Reality has now started to hit home, beginning earlier this year when ratings agency Moody’s downgraded the city’s credit rating to junk status. Given Chicago’s massive fiscal load, mercurial Chicago Mayor Ron Emanuel will be six years into his tenure before the city’s borrowing spree ceases long enough just to make interest payments on the debt. And pensions aside, it will be eight years into his tenure before the city has any reasonable shot at a balanced budget.

If that doesn’t make you want to choke, then this will: Chicago’s Mayor wants the State of Illinois to pick up the tab for teacher pensions. Sounds like a good ‘forward lateral’ move, except for the fact that the state is also in a financial black hole, one so deep that many regard Illinois as the most fiscally irresponsible state in the nation.

Now for the Biggest Kicker Of All. It was just announced that a 10.25% sales tax is about to go in effect in Chicago and the rest of Cook County due to this mismanagement of billions of taxpayers’ dollars. Yes, you heard that right: A whopping 10.5%! That’s insane!

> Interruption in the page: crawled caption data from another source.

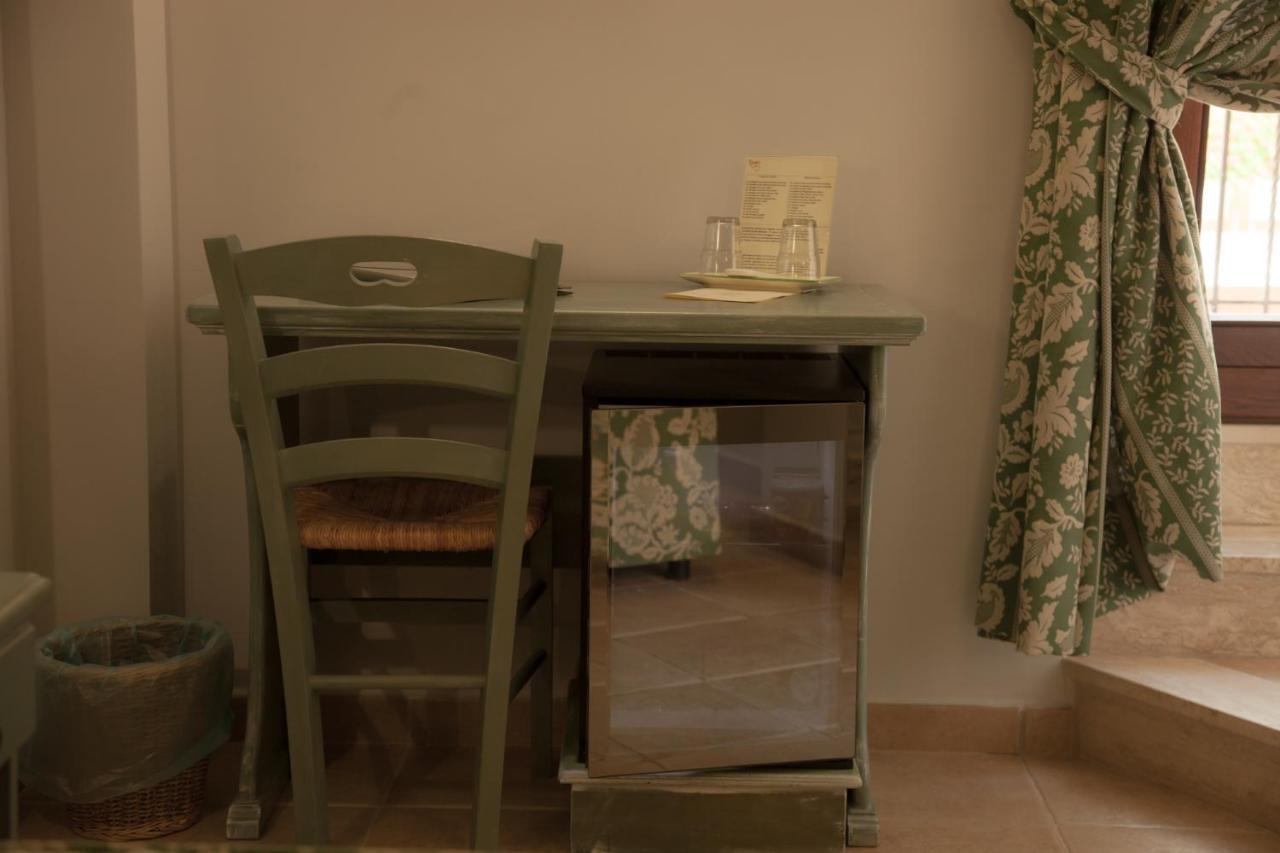 Hotel Il Tiglio (Adults Only) Castel Di Sangro Exterior photo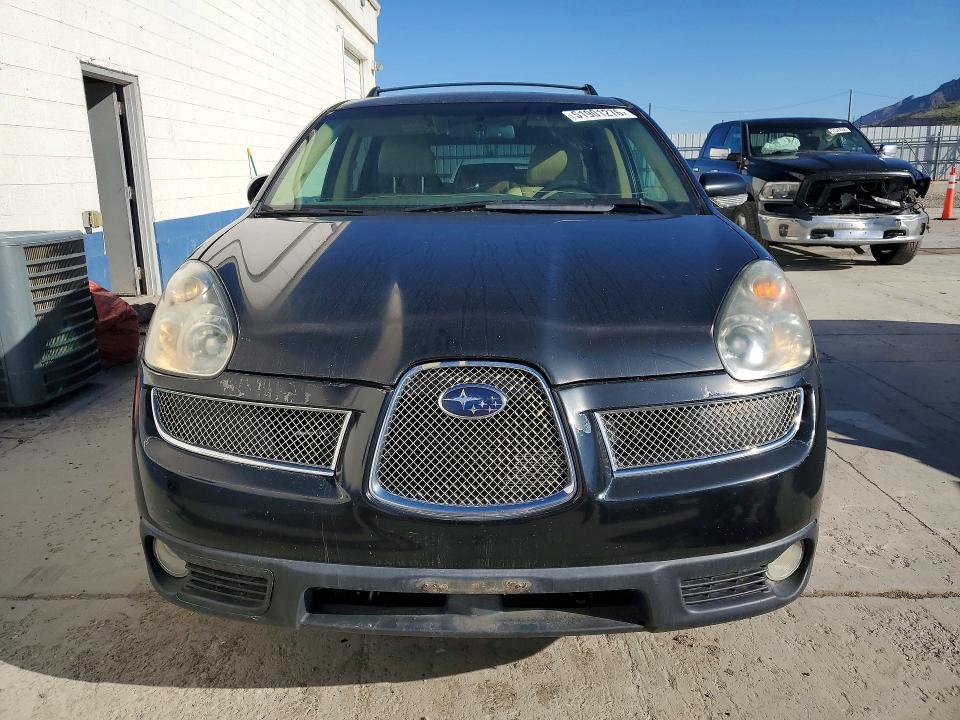 51901276 :رقم المزاد ، 4S4WX86D574403436 vin ، 2007 Subaru B9 Tribeca مزاد بيع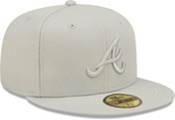 New Era Men's Atlanta Braves 59Fifty Fitted Hat product image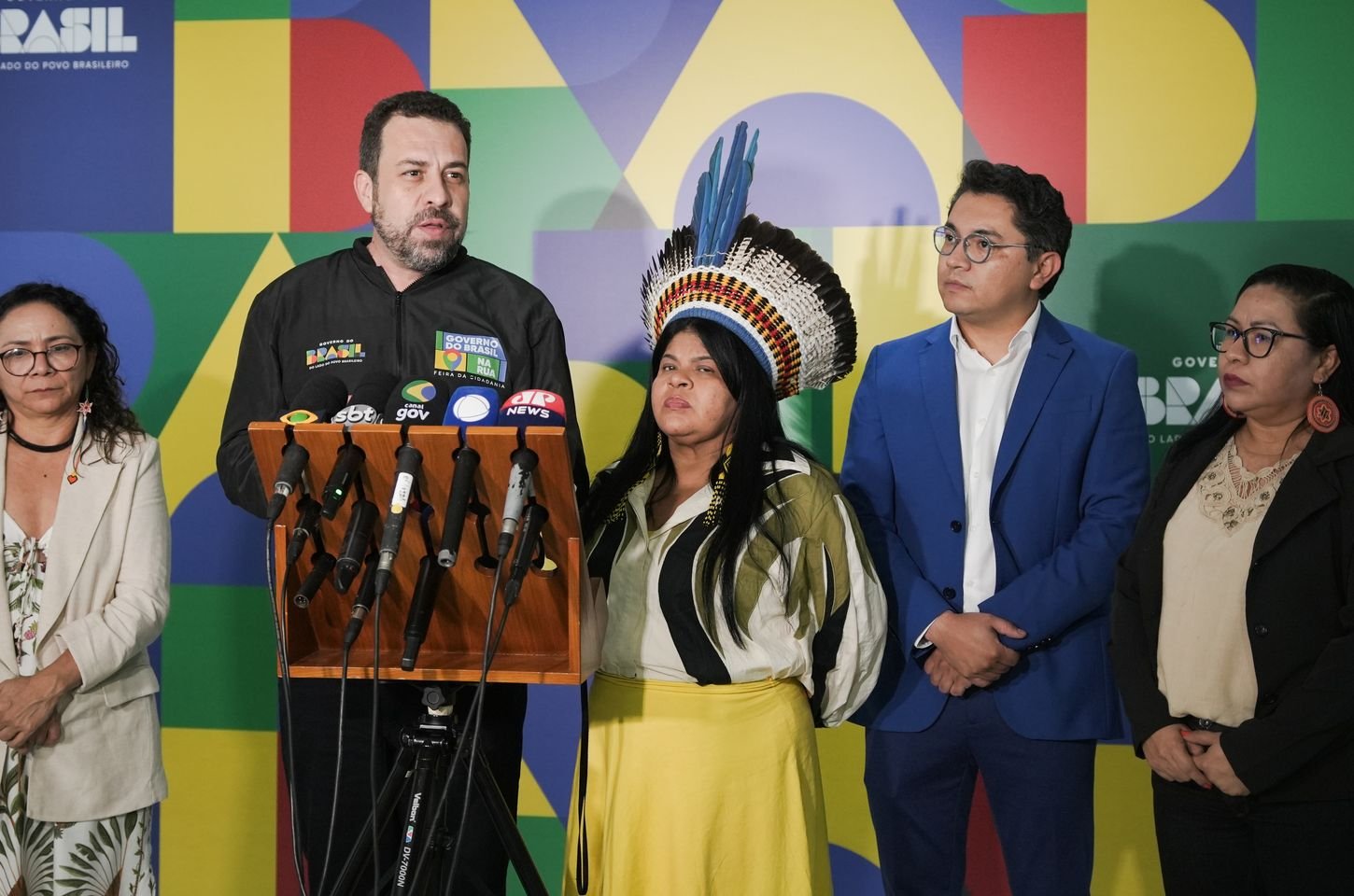 Governo suspende estudos para concessão de hidrovias amazônicas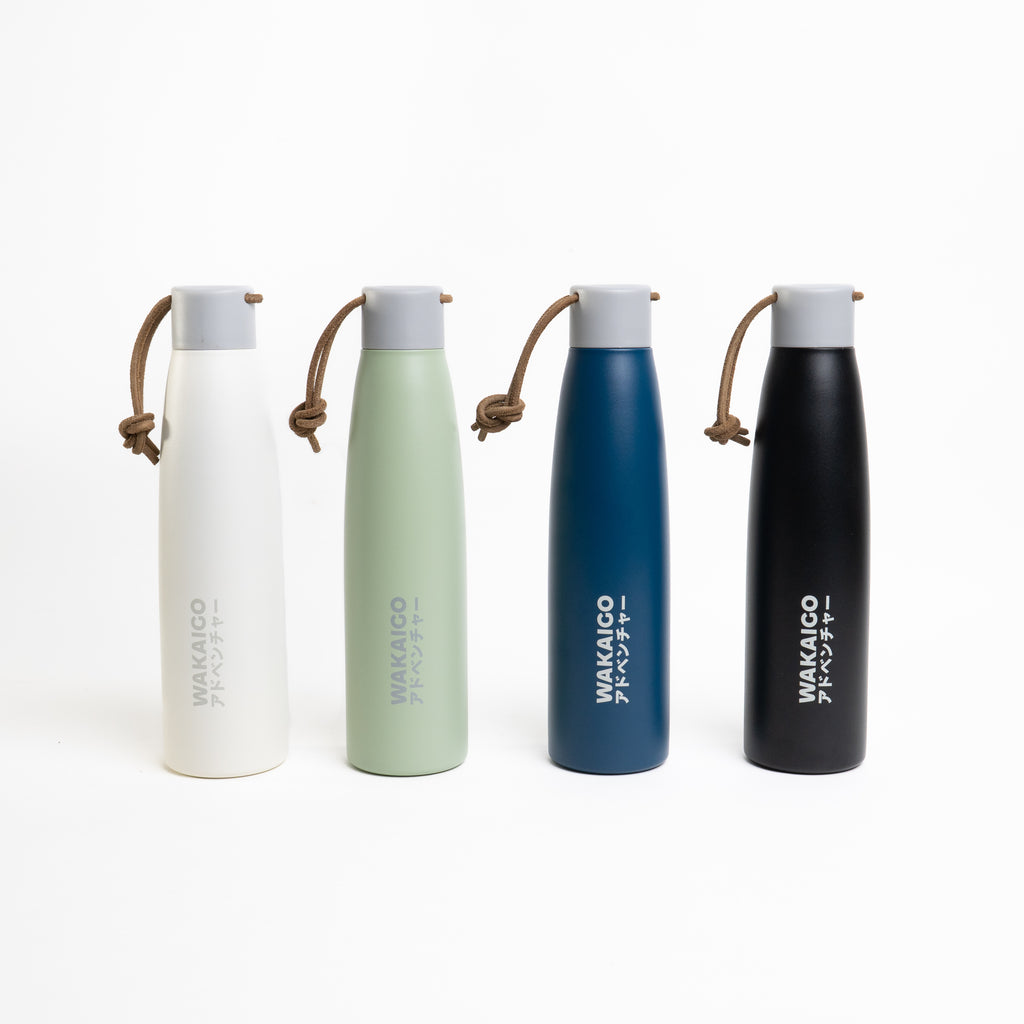 WakaiGo Tumbler THYNK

The operative question with all of this is, what should Chicago do to rectify this massive mess? I am of the opinion that discussions about cuts, efficiencies, cost savings and revenue enhancement are a lost cause because of Chicago’s history of political infighting and burdensome bureaucracy, an ugly morass deeper than the cheese on their infamous deep-dish pizza.

Not that anyone really cares about my solution. But just for kicks, here is what I would recommend:

Do Nothing and Let The City Go Belly Up…….

It’s an interesting spectacle to watch how stakeholders react when things hit rock-bottom; when headed down the toilet, they suddenly generate all sorts of creative solutions and inspired actions. How do I know? Because on a personal level, I once was there.

My own experience aside, a more realistic case study on letting the dominoes fall comes from another cold place in the world, a country called Iceland. As a casualty of the 2007-08 global financial crisis, Iceland took the hardest blow of any European country. What’s remarkable about this is that they made the most robust recovery.

How did this occur? In large part, it was the result of allowing their major banks to fail.

So let me ask you this. Doesn’t that sound like a cold yet attention-grabbing way to get Chicago’s city leaders to jump out of the lake and take action?

I definitely think it’s worth a shot.